#### Exercise objective:
Given the records below, would you repeat exactly the lines that begin at the one containing "91家纺网 家纺一手货源 找家纺" and end at the one containing "Lexus IS 2021-02 8873274-14", inclusive?

#### Exercise material:
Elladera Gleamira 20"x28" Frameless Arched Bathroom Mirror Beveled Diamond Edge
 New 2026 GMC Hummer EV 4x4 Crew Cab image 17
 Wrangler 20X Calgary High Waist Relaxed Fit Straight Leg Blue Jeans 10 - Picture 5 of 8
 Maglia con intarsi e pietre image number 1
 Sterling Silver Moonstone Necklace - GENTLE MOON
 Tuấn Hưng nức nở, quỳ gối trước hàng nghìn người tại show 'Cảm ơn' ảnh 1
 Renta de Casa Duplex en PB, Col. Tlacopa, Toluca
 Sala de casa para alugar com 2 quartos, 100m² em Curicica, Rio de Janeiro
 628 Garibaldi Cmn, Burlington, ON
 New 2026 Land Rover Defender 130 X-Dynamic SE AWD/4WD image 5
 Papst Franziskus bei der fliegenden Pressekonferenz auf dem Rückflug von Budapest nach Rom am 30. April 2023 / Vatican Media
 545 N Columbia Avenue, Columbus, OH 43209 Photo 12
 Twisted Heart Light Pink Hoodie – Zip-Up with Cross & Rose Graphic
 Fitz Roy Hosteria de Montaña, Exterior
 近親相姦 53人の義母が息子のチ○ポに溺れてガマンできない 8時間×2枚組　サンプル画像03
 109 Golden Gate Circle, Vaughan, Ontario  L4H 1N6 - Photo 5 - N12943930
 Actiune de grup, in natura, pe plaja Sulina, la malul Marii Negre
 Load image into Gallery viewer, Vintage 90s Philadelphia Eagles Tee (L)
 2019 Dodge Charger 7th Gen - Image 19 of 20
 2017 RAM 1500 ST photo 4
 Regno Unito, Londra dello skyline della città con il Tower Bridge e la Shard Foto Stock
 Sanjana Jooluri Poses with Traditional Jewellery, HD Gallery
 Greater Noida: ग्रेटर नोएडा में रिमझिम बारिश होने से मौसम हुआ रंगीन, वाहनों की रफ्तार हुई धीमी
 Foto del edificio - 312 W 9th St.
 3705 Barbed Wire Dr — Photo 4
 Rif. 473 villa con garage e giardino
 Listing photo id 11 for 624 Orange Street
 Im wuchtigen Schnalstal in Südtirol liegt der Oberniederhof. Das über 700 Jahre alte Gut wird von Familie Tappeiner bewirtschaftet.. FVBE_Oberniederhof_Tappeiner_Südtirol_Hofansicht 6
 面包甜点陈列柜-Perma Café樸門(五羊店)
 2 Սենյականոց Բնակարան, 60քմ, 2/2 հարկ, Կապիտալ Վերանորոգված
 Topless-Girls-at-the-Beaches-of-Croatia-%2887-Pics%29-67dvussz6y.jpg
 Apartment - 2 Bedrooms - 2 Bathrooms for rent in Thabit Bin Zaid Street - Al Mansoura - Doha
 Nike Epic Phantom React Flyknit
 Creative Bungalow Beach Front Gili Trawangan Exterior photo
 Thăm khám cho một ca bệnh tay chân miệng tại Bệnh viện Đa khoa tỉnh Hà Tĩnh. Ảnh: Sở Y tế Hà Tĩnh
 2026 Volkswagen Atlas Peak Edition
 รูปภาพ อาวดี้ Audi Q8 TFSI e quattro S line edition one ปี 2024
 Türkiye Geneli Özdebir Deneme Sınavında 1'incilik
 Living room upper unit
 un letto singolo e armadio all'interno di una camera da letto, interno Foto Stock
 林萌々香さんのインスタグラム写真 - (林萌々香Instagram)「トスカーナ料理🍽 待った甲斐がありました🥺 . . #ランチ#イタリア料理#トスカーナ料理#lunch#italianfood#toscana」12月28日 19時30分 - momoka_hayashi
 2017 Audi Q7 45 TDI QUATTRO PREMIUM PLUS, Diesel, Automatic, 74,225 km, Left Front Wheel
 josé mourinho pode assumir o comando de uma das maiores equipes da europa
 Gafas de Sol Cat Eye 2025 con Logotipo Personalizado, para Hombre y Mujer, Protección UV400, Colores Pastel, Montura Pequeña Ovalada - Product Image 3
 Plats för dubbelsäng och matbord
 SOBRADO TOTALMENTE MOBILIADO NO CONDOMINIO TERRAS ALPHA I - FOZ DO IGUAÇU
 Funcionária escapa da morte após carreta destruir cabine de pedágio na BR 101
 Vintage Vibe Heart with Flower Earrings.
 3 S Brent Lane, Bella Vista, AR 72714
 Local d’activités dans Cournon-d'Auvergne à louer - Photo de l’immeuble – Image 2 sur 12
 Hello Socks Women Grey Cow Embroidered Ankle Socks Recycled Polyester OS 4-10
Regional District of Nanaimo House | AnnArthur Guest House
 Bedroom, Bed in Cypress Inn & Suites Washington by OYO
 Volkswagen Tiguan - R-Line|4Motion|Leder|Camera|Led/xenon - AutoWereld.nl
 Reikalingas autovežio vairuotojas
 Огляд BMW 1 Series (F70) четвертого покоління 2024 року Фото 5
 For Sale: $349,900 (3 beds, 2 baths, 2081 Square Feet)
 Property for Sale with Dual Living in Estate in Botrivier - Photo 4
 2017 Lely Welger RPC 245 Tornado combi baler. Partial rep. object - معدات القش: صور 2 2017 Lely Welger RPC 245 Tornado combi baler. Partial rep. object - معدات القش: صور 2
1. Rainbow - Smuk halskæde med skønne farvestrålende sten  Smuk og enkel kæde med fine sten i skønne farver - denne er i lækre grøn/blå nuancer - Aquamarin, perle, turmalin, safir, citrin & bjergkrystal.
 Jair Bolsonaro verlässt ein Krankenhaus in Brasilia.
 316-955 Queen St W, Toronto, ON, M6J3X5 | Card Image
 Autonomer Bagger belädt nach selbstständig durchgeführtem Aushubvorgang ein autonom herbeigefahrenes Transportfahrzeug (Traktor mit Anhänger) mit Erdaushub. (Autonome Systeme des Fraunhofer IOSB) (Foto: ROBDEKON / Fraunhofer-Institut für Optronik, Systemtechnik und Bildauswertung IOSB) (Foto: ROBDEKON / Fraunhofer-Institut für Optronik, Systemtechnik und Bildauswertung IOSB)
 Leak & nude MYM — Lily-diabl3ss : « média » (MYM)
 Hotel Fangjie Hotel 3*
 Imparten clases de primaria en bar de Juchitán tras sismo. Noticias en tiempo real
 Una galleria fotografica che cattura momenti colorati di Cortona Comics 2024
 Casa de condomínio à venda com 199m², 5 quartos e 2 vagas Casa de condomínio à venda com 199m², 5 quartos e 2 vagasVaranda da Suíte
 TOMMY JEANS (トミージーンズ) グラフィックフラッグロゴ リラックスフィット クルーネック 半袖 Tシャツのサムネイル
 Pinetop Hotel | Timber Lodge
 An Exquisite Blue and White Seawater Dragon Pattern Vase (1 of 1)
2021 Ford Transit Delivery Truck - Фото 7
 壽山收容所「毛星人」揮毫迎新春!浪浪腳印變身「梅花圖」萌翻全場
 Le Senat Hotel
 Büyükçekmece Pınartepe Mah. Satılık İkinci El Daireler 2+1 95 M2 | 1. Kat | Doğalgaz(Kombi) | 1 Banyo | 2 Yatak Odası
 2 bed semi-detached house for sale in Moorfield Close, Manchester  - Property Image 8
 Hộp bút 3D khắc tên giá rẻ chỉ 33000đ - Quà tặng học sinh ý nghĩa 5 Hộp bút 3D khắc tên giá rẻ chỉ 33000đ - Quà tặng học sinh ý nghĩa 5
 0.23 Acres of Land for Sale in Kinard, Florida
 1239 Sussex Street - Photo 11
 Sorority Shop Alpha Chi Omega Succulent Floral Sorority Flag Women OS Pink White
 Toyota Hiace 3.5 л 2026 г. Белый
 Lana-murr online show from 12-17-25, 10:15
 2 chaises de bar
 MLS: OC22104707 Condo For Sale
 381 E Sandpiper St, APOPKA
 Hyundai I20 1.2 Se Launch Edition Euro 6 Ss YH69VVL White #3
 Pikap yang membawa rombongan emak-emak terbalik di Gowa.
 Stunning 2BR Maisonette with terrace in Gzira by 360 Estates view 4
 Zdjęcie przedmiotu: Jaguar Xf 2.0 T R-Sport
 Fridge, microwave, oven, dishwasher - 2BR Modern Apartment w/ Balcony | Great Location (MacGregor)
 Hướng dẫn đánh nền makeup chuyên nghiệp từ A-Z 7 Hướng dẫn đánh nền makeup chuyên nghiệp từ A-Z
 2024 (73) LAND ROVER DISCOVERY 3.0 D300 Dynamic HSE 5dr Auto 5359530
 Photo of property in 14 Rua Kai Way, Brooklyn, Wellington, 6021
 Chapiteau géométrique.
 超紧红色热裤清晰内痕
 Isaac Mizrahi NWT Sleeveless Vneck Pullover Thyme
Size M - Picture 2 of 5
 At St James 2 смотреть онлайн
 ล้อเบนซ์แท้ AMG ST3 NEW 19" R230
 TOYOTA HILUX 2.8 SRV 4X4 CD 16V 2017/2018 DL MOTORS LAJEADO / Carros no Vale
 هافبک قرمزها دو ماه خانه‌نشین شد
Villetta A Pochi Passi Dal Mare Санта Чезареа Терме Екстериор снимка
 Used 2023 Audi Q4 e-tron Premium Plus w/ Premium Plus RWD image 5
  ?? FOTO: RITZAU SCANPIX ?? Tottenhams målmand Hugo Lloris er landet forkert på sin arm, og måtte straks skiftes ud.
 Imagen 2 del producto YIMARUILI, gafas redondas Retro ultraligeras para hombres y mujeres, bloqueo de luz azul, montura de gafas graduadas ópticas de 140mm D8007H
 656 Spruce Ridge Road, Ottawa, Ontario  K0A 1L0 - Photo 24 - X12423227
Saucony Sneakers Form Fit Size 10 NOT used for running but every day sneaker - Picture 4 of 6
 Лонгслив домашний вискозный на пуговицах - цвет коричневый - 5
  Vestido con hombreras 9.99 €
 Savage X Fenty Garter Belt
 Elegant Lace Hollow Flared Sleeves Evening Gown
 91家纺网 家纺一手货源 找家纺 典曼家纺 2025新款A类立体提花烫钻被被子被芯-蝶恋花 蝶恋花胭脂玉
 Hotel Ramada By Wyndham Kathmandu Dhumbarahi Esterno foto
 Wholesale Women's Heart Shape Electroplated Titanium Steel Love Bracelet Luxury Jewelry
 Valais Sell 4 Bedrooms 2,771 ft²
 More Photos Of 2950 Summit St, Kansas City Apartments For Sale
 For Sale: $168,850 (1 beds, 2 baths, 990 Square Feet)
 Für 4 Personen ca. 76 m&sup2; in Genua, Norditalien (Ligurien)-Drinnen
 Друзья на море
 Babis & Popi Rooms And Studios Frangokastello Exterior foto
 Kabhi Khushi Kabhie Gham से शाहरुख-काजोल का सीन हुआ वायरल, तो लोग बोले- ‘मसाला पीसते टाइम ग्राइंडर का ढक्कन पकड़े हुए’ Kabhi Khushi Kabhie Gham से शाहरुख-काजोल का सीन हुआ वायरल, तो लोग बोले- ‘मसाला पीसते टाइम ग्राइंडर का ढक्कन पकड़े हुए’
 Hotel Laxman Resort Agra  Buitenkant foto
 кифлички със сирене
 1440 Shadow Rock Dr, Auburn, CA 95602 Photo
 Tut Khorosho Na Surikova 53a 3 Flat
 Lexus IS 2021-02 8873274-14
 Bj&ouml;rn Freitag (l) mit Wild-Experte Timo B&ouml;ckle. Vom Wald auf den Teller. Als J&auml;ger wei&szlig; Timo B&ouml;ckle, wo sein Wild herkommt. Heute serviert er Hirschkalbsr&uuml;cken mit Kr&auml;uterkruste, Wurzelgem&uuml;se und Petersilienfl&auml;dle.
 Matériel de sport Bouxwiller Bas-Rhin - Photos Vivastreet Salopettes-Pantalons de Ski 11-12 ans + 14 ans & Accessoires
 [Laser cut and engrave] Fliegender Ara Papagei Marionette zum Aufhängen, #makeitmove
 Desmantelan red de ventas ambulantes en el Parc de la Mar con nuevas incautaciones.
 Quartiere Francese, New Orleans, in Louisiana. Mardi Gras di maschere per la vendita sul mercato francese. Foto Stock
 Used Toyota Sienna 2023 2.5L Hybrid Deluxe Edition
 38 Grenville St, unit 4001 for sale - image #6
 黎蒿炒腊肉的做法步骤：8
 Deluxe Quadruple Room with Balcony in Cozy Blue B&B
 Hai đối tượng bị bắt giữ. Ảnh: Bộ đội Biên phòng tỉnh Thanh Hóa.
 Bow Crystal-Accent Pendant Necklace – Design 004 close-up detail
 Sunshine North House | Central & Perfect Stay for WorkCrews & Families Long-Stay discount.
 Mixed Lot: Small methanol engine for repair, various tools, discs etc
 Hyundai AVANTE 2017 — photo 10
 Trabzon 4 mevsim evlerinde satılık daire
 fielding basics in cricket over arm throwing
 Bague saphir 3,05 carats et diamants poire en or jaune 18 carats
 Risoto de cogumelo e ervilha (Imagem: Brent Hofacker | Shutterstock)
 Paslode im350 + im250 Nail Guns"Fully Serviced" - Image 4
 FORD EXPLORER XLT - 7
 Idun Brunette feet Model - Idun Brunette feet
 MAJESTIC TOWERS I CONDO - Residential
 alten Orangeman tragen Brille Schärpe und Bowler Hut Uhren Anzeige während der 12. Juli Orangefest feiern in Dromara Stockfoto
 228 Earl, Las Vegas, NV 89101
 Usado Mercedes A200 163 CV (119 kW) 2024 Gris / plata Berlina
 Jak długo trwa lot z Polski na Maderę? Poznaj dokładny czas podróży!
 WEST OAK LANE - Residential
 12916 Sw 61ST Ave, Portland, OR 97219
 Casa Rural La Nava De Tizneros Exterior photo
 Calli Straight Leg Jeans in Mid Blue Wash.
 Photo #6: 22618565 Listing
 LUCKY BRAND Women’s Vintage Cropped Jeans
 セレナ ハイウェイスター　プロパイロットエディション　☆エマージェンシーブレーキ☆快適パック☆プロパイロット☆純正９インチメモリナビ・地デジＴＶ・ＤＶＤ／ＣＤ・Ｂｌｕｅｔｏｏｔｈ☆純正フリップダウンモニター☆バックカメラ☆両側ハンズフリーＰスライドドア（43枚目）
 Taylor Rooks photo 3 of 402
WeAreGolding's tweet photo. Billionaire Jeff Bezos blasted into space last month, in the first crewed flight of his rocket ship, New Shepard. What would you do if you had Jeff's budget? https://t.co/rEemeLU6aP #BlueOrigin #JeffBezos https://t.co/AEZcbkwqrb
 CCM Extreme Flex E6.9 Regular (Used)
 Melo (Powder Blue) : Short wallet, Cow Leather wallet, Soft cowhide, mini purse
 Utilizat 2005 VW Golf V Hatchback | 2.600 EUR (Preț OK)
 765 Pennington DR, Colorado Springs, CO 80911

#### Solution to the problem:
 91家纺网 家纺一手货源 找家纺 典曼家纺 2025新款A类立体提花烫钻被被子被芯-蝶恋花 蝶恋花胭脂玉
 Hotel Ramada By Wyndham Kathmandu Dhumbarahi Esterno foto
 Wholesale Women's Heart Shape Electroplated Titanium Steel Love Bracelet Luxury Jewelry
 Valais Sell 4 Bedrooms 2,771 ft²
 More Photos Of 2950 Summit St, Kansas City Apartments For Sale
 For Sale: $168,850 (1 beds, 2 baths, 990 Square Feet)
 Für 4 Personen ca. 76 m&sup2; in Genua, Norditalien (Ligurien)-Drinnen
 Друзья на море
 Babis & Popi Rooms And Studios Frangokastello Exterior foto
 Kabhi Khushi Kabhie Gham से शाहरुख-काजोल का सीन हुआ वायरल, तो लोग बोले- ‘मसाला पीसते टाइम ग्राइंडर का ढक्कन पकड़े हुए’ Kabhi Khushi Kabhie Gham से शाहरुख-काजोल का सीन हुआ वायरल, तो लोग बोले- ‘मसाला पीसते टाइम ग्राइंडर का ढक्कन पकड़े हुए’
 Hotel Laxman Resort Agra  Buitenkant foto
 кифлички със сирене
 1440 Shadow Rock Dr, Auburn, CA 95602 Photo
 Tut Khorosho Na Surikova 53a 3 Flat
 Lexus IS 2021-02 8873274-14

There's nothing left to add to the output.